[ACTIVITY] Within the listing that follows, reproduce exactly the lines starting at the line with "The features and" and ending at the line with "Assalamualaikum, hello friends, how", inclusive, and only those. Pictures are dropped.

[DATASET EXCERPTS]
•••••

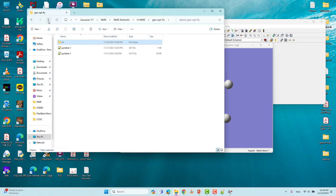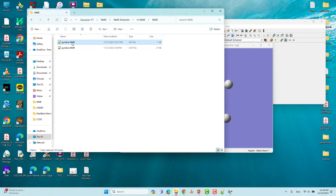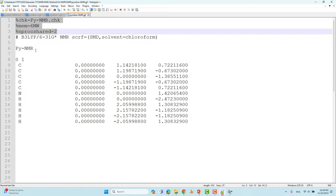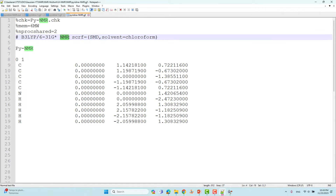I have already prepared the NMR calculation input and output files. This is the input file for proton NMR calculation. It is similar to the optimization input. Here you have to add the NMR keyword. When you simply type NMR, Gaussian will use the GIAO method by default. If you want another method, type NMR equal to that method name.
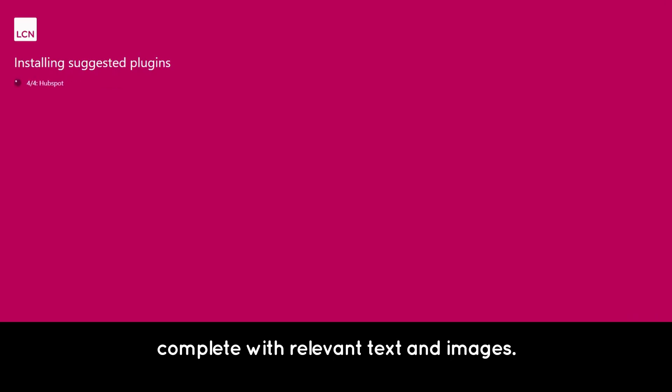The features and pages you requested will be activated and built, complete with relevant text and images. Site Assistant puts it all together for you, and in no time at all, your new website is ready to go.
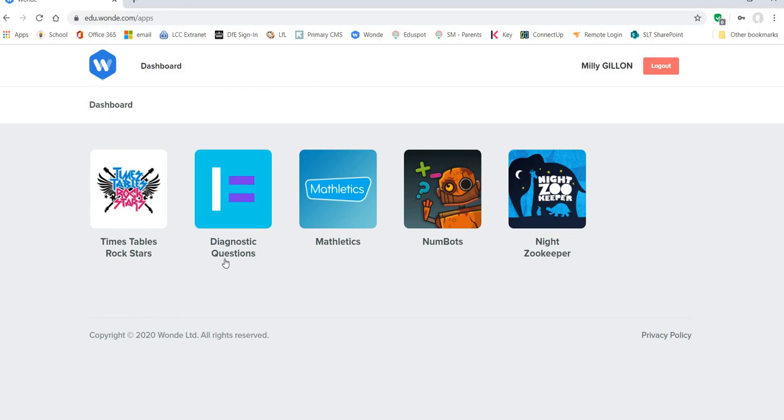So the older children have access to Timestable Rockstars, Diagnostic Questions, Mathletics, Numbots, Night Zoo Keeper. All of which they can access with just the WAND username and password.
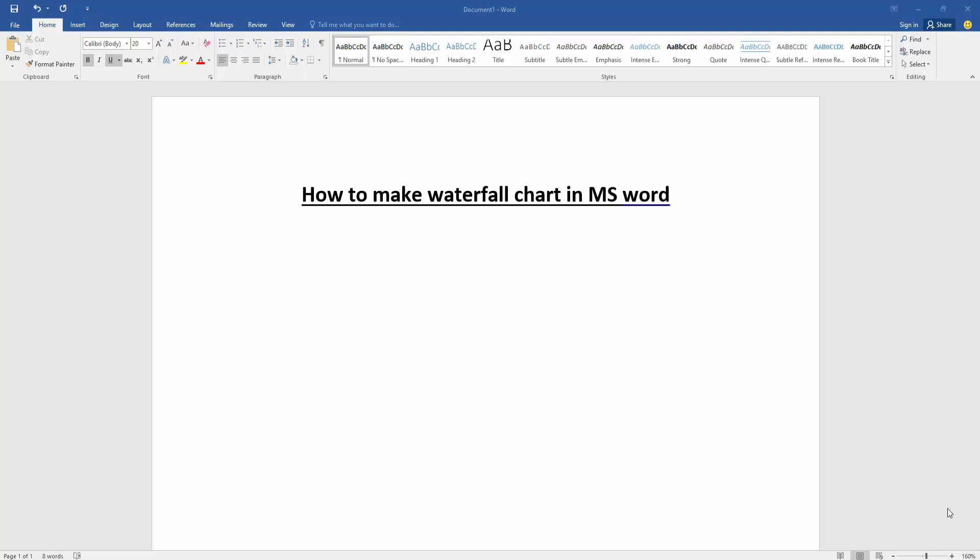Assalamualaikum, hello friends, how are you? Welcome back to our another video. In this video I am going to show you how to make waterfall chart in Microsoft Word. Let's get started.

•••••

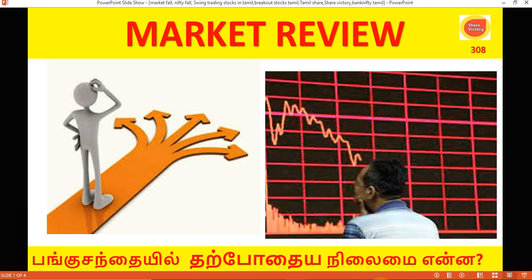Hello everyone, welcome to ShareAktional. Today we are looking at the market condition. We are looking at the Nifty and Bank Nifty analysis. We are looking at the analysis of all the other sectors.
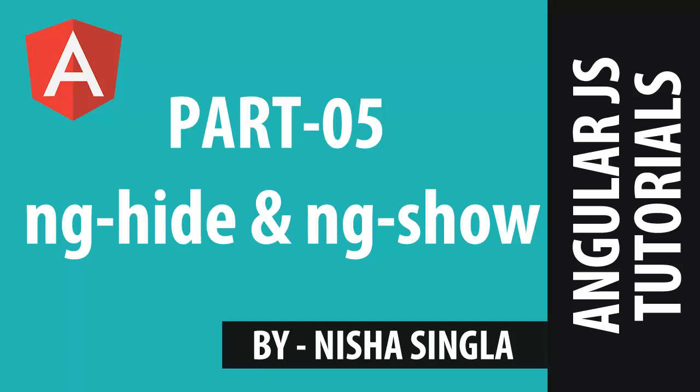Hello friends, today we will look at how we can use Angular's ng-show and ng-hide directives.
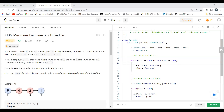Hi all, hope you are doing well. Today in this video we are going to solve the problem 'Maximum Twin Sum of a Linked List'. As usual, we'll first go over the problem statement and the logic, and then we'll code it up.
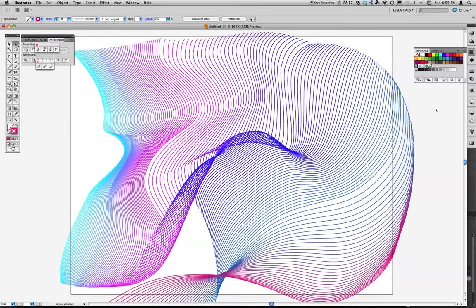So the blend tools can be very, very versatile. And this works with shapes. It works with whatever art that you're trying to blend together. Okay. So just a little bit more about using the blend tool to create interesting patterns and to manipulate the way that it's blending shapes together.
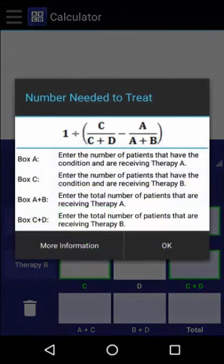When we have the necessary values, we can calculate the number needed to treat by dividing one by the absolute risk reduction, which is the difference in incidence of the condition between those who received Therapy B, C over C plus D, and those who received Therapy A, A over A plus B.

•••••

[TASK OUTPUT]
The features and pages you requested will be activated and built, complete with relevant text and images. Site Assistant puts it all together for you, and in no time at all, your new website is ready to go.
So the older children have access to Timestable Rockstars, Diagnostic Questions, Mathletics, Numbots, Night Zoo Keeper. All of which they can access with just the WAND username and password.
Assalamualaikum, hello friends, how are you? Welcome back to our another video. In this video I am going to show you how to make waterfall chart in Microsoft Word. Let's get started.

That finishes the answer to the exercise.